I’ll try to write some actual longer posts this week but I wanted you to know what I’d been reading

linkdump for october ’08

Again, here are a set of things that maybe don’t need their own post but are worth letting people know about.

I’ll be doing another post on blogs added to my feed reader lately. I had organized and culled and plumped up my feed reading list a few months back [down time on an airplane] and was all pleased but then the hurricane that was my HD crash set me back to the beginning. I’ve been reading some neat stuff that I’ll be sharing with you.

wrap-up before the wrap-up

As you know, I usually post the list of what I’ve read at around this time, but I haven’t read enough this year by my own admission so I will be adding a few more leftover links in this space and posting a “best of” list in a day or two. First of all check out what I saw in Boston.

sexy librarian?

It’s an ad for Sony’s “Reader Digital Book,” one of a zillion plastered all over the subway and train stations of Boston. I find it vaguely annoying, mostly because I find the commodifcation of reading annoying. The implication that some stupid computer is sexier than a real live person to help you with all your information needs? Stupid. Here are some other things left over from my inbox.

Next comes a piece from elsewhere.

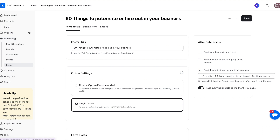Select the form that you have created for them to submit to collect your freebie. On the right hand side you'll see 'send the contact to a custom thank you page.' Check that box off and then select your thank you page from the drop down.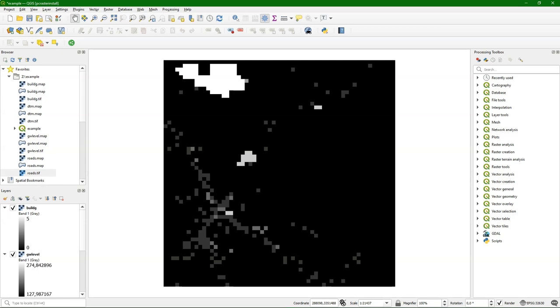In a previous video, I showed how to install the PC Raster tools for QGIS. In this video, I'm going to explain more about the area operations.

  • Well this was in my literal mailbox… I never renewed my ALA membership after 2006. Last week I got a “Hey former member, maybe you’d like to reconsider?” piece of junk mail from them. I’ve been very happy with my VLA contributions and interactions, moreso than I ever was with ALA. While I’m happy to see the good things that ALA is doing, the fact that I basically did everything I could to get off of spammy mailing lists and emailing lists only to continue to hear from them is a bit disheartening. That said, my ALA website logins still work despite me not having paid them a thing. It all balances.
  • The Michigan University Librarian has a blog. Not a lot there but I really enjoyed the first post: Being in Bed with Google.
  • Washington state is the latest battlefield in the “let’s cut library positions in schools to save money” debacle. There is a very organized group called Fund Our Future Washington that is trying to stop this problem before it starts. Here’s an LA Times article with more information and a good recent supportive editorial from the Seattle Times.
  • I am revising my review policy. People mostly don’t read it anyhow. In short, I am reading less and have less time for unsolicited books. While I still like to receive books that people think I may like, I do not want to set expectations inappropriately. The short form is: if you will be upset if I do not read your book, please do not send it to me.

That’s it until the booklist. Happy New Year!